古希腊哲学家芝诺曾说, “人生的目的就在于与自然和谐相处”,林湄早在文学写作之初,就创作了大量写景状物和游历纪行的散文,并在其中反思人与自然、人与他人、人与自我之间的关系。随着创作之路的深入,她散文中的自然书写愈发显得通脱透彻。对于林湄来说, “自然”是万物有灵的诗意天堂,是游子离人的精神原乡,更是心灵最终的价值归属。自然万物在她的笔下被赋予了生命与活力,承载着她无尽的哲思与理趣,散发出诗性的魅力与光辉。

一、心游万仞:澄澈明净的生态意识

林湄曾说:“只有看重、爱惜平凡自然风景的人,才能在大自然的观赏中获得灵性的更大升华和快乐。”(《自然之思》)从少时在乡间的童趣经历,到成年后每次与大自然的亲密接触,再到现今与大自然的心心相依,随着人生经验的丰富,精神心理的充盈,作者经历了由贫瘠到富有的大自然的价值发现之旅。对于她而言,大自然是心灵的栖息地与净化所,如宗教般能除去精神的芜杂,抚慰受伤的灵魂,使彷徨的心拥有坚定的力量。在《圣经》中,上帝创造了人与自然,二者和谐共处,上帝赋予人类“看护自然”的神圣权利,人类应该以守护者的身份去呵护自然,而不是以主宰者的姿态去征服它。在中国传统文化尤其是道家文化中,人与自然原本就是一体的,人是由天地自然孕育生成的,讲究“天地人和”与“天人合一”。这种生态智慧镌刻在林湄心中,内化于她的字里行间,体现出澄澈明净的生态意识,显示出超越的生态伦理价值,对于人类如何与自然和谐相处,实现人与自然共生发展具有启示性。

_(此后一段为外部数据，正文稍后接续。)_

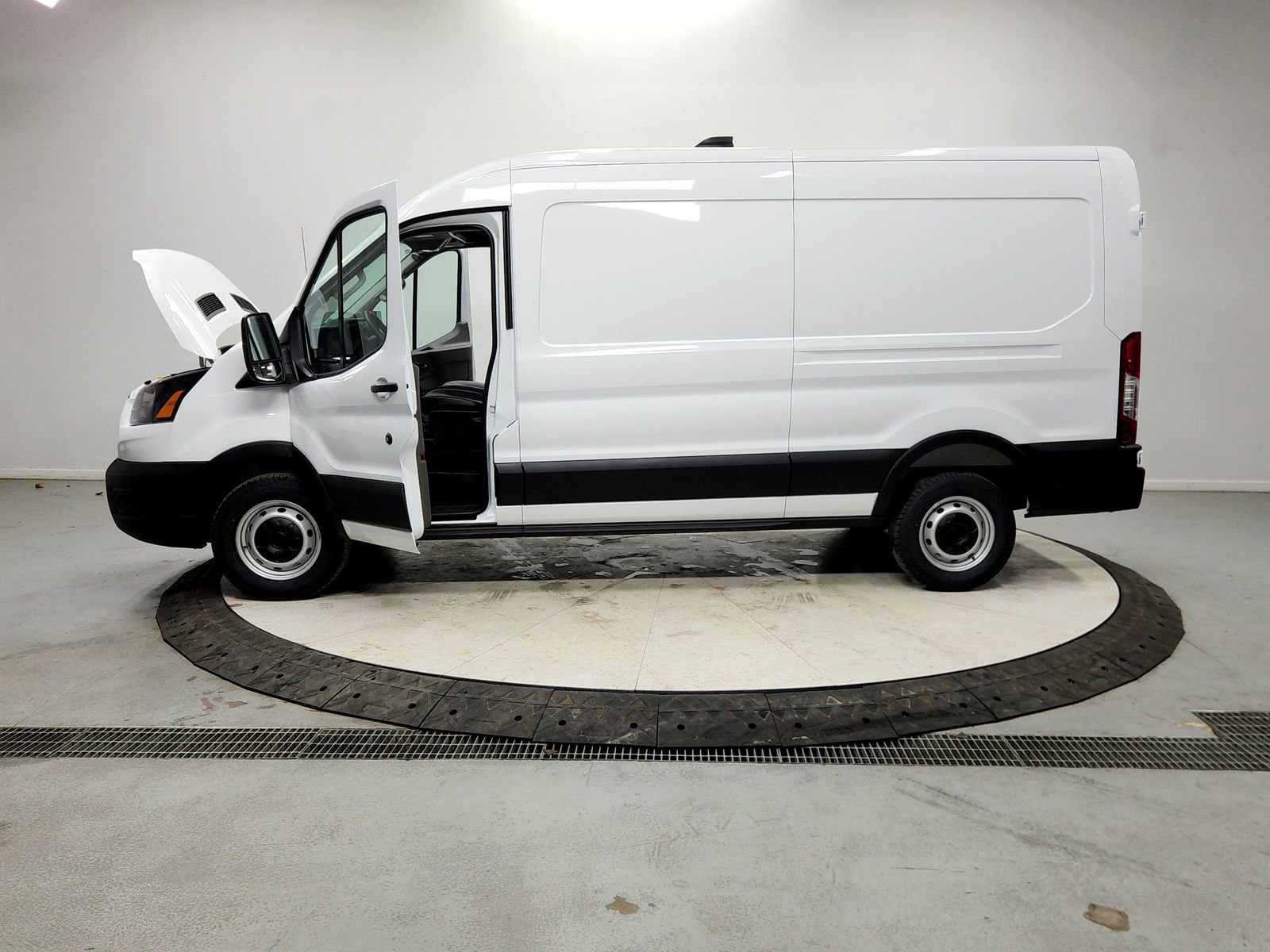 New 2026 Ford Transit 250 148 Medium Roof w/ Load Area Protection Package image 12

作者自然观的形成来自于将主体的审美力带入到实践之中,或在行旅途中观名山大川,访奇地异境,感受身体与心灵的游历,或闲庭信步于自然之中,偶然发现身边点滴美好,获得精神与灵魂的体悟升华。 “每当我到大自然中去,面对宏伟壮观的大海、峡谷、悬崖峭壁、茫茫雪原;或在细雨中的碧树红花、山地的鸟禽、铺满落叶的林间小径时……无论是图腾的膜拜,还是获得愉目娱神的感悟,总是不断地提醒自己:将审美感受带到实践中去,让大自然的清朗和长阔高深,真正制衡你的性情,主宰你的命运;让灵性生活超越肉体的享受,与自然对话,与自己对话,达到人和自然、人和己心的和谐关系。”(《到大自然去》)登高远望之际,游目骋怀,思绪万千;随心漫步之时,一步一景,意趣盎然。无论是风的潇洒、雨的幽怨、山的伟岸、海的宽阔、水的柔情、根的力量、花的柔媚、草的娇嫩、石的坚毅,还是清晨的雾、黄昏的云、深夜的雨,甚至是橄榄的清香、龙眼的甘甜、树叶的摇曳、鸟儿的啼鸣都能触及到作者心底最柔软的地方。正如她时常探访的住所旁的柏克湖,是她心灵的避风港、灵魂的栖息地、生命的启示录和在异乡的天堂。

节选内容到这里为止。